Ministros e Secretários de Estado

Antes do 25 de Abril os pícaros citadinos alfacinhas funcionários do Palácio Foz quando falavam de Trás-os-Montes diziam ser território exportador de ministros, criadas de servir e polícias – GF, GNR, PIDE e PSP – enunciando por um lado a qualidade intelectual e capacidade de decisão dos ministros, por outro a pobreza das gentes transmontanas que as obrigava a remeter as filhas e os filhos para Lisboa na procura de pão branco e sapatos para calçarem no dia da festa na aldeia caso viessem frui-la.
Os mangas-de-alpaca burocratas escrevinhadores de propostas de atribuição de penduricalhos e comendas, quase em exclusivo para portugueses criadores de riqueza no Brasil, não sabiam quão grande era a presença de trasmontanos nas fileiras das Forças Armadas que mais se acentuou a partir da eclosão da Guerra colonial, por isso a sua visão da Província de além Marão, no tocante às pessoas se confinava aos três grupos, o primeiro objecto de porfiada escolha, os outros dois, conforme os conhecimentos dos carentes. As criadas de servir constituíam mão-de-obra barata, trabalhadora, inocente, e a maioria dotada de grande honestidade. Os polícias ganhavam mal, aspiravam a regressar ao seu rincão natal, já os ministros depressa se aclimatavam ao clima da capital.

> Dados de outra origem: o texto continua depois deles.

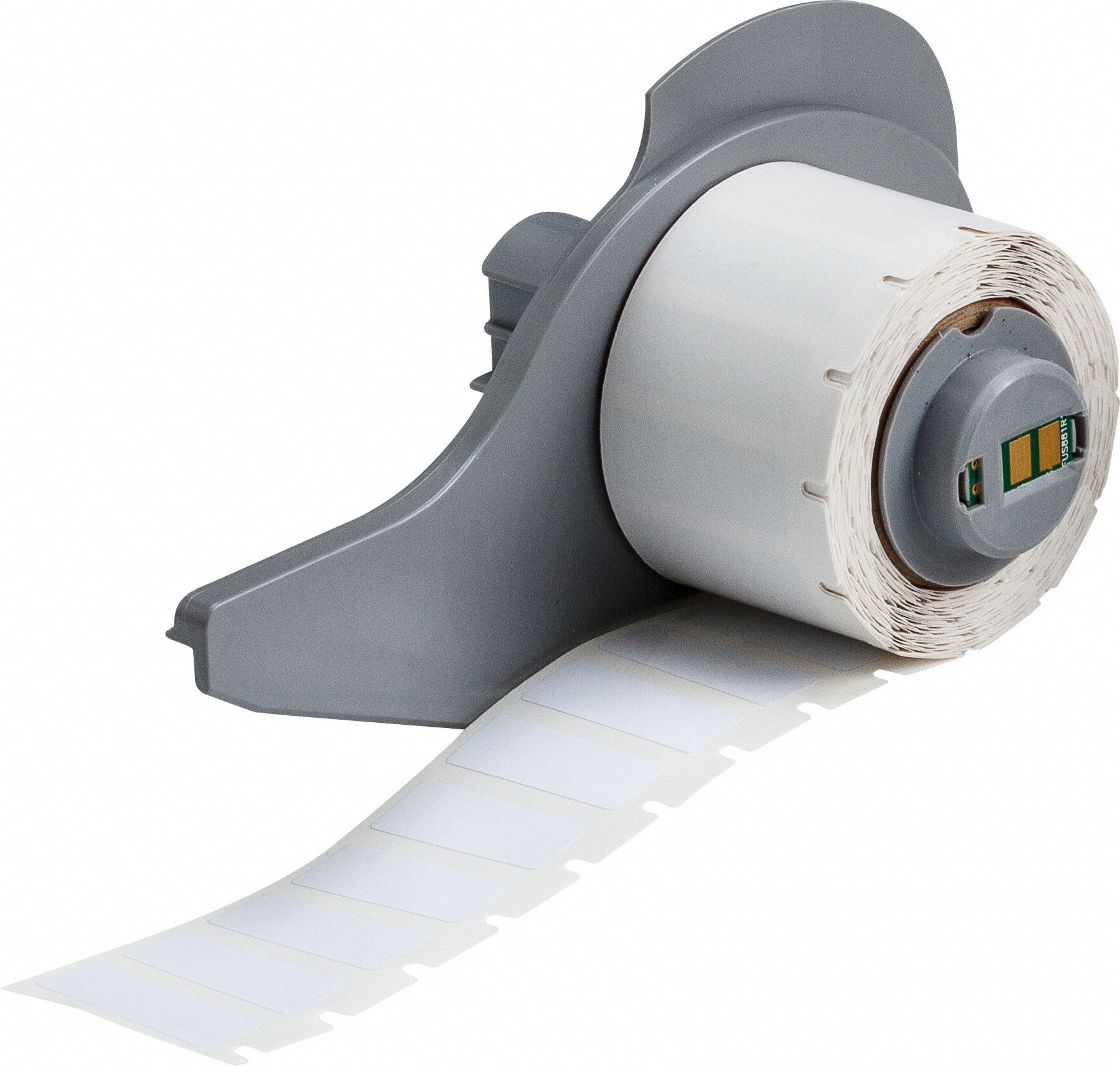 Pre-Cut Label Stock Roll: 3/8 in x 1 in, 1 in x 3/8 in, Polyester, White (Gloss), -40°F to 356°F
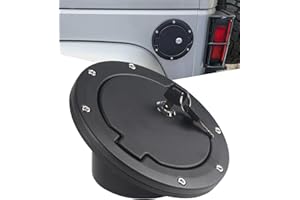 PKEDUO Black Locking Gas Cap Cover Fuel Filler Door Cover Compatible with 2007-2017 Wrangler JK JKU 2/4-DOOR(NOT FOR 2018+ JL MODELS)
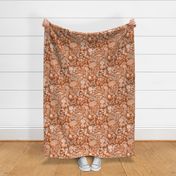 Magical Mushroom Monochromatic Rust brown fall colors Extra large scale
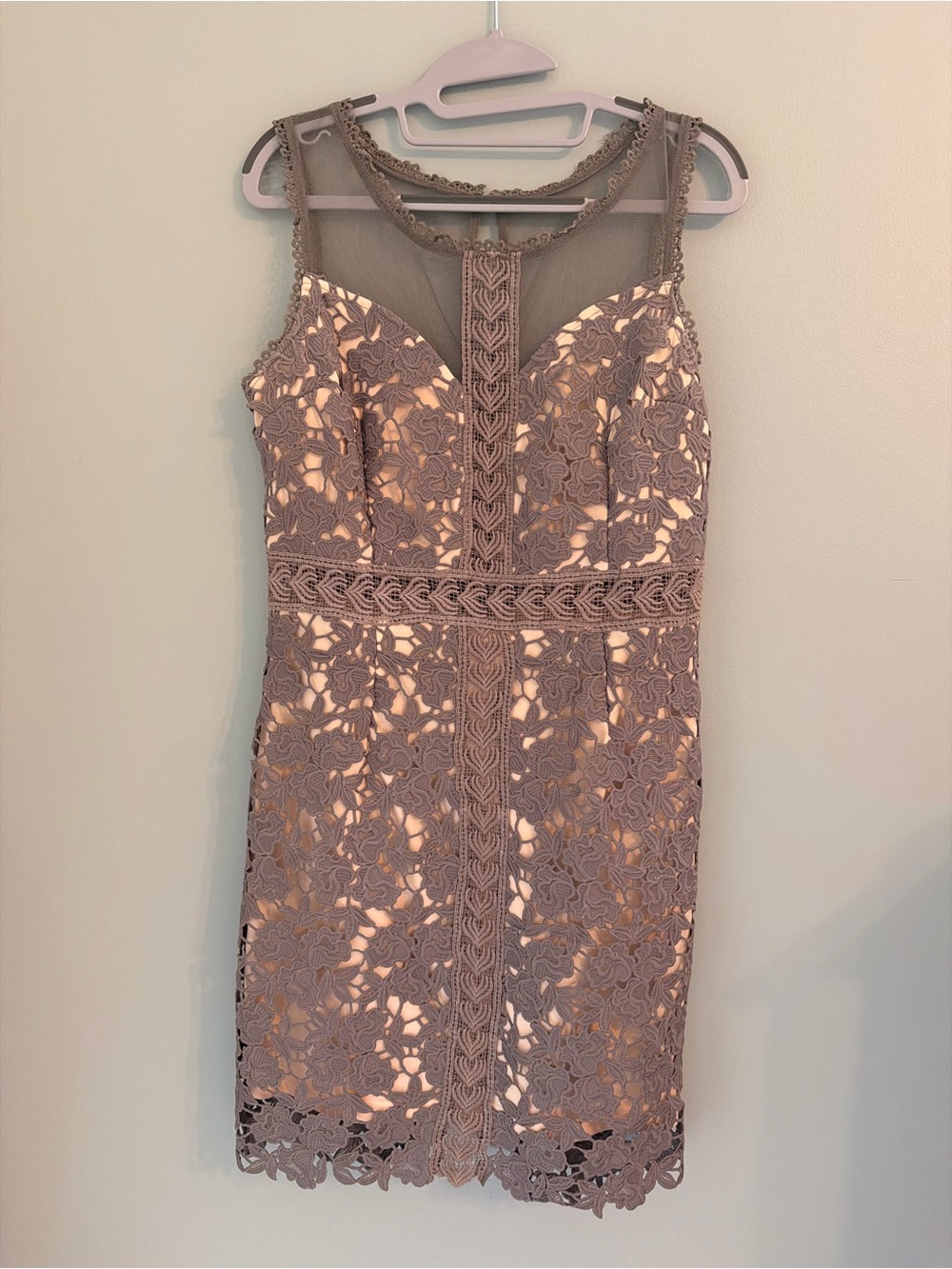 Soieblu Mauve Lace Midi Dress with Sheer Yoke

Os jornais concederam destaque ao facto de cinco secretários de Estado do governo empossado no dia 26 deste mês serem oriundos do Distrito de Bragança, merece relevo, no entanto, se tivessem consultado o arquivo deste jornal verificavam não ser novidade, na época do Estado Novo aconteceu o mesmo, porém a nível de ministros. As circunstâncias eram outras, escolhas faziam-se não na base do aparelho plural, porque só existia a União Nacional, sim na confluência do conhecimento pessoal, do currículo profissional, além das informações políticas e policiais. Esta confluência era a regra, todavia aparecia a excepção, o Professor Doutor Adriano Moreira, nosso conterrâneo constituiu a excepção. Façam o favor de averiguar.

É amplo o ramalhete de Ministros provindos do Reino Maravilhoso. Anoto os mais sonantes que fizeram governança em separado ou simultaneamente: Águedo de Oliveira, Cavaleiro de Ferreira, Joaquim Trigo de Negreiros, Fernando Mendonça de Quintanilha Dias e Manuel Gomes de Araújo. Agora, aos novos Secretários de Estado pede-se sábio empenhamento no destaque das virtudes do terrunho que os viu nascer sem propaganda bacoca, sem chauvinismos, sem bairrismos, sem raivosas ciumeiras.